Pieces of volcano news on this snowy Ohio Monday morning (and now that the Superbowl is done, only one week until the real sports begin again):
Japan: Eruptions reader and volcano documentarian extraordinaire mentions that Sakurajima had a rare, large explosion this morning, producing a 2 km / ~6,600 foot plume and, for the first time since 2009, from the Minami-dake crater at Sakurajima (many of the recent eruptions have come from the Showa crater). You can see some video of the explosion from the webcam feeds for Sakurajima here. If you're curious about everything that is happening in Japan volcanically, check out the Japanese Meteorological Agency update (although you'll need Google Translate if you don't read Japanese). Over at Kirishima, the dome within the crater has grown to 600 meters in diameter (Japanese PDF; see below), and judging from some of the webcam captures by Eruptions readers (top left), the danger of potential tephra falling within 4 km of the crater while the ash fall from these explosions will likely be a problem near Kirishima for some time. UPDATE: Science has some great new images of the dome in the crater as well ~ very pancake-like dome. You can get yet another nice view of the Kirishima ash plume as snapped by the MODIS imager of Terra (all thanks to the NASA Earth Observatory). Remember, there are plenty of webcams for both volcanoes.
The dome at the Shinmoe-dake crater at Kirishima seen on February 7, 2011.

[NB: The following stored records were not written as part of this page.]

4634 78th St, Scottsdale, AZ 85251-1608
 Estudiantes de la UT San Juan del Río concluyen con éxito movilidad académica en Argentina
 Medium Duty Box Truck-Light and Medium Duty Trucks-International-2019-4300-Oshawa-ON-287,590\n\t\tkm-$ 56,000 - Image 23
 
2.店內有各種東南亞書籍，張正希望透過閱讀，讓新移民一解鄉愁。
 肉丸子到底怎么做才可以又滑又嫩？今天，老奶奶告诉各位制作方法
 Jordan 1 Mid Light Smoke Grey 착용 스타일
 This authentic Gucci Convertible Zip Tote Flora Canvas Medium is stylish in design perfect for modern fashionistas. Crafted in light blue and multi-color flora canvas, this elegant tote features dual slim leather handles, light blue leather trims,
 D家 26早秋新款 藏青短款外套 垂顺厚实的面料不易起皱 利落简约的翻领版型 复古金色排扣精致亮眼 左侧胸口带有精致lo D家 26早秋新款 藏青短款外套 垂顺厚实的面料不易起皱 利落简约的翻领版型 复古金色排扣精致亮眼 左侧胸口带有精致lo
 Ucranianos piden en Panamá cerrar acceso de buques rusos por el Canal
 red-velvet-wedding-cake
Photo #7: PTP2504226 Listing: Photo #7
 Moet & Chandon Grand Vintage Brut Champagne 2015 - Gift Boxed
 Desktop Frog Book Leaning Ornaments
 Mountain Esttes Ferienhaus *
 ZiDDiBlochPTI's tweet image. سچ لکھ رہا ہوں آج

Climate and volcanoes: There is strong evidence of the direct effect that volcanism can have on climate. So, it should be no surprise that there are a couple of "interesting" articles I noticed this morning that are trying to connect the cold winter and bad storms with volcanic activity. The first links ash from the six active volcanoes in Kamchatka with causing the Arctic to become colder and the Arctic winds pushing southward. This southerly push of colder air means that agricultural belts are seeing colder weather and poorer crop yields, meaning (potentially) higher food prices later this year. The other article tries to link Eyjafjallajökull with the cold winter across the northern hemisphere ~ however, the attempt to link Iceland with this cold weather is flimsy at best.Without a more quantitative look at the amounts of ash and volcanic aerosols released by these volcanoe, both of these article offer little more than circumstantial evidence for the connection, so both of these article present is speculation at best.
Top left: A February 7, 2011 explosion at Kirishima captured via webcam by an Eruptions reader.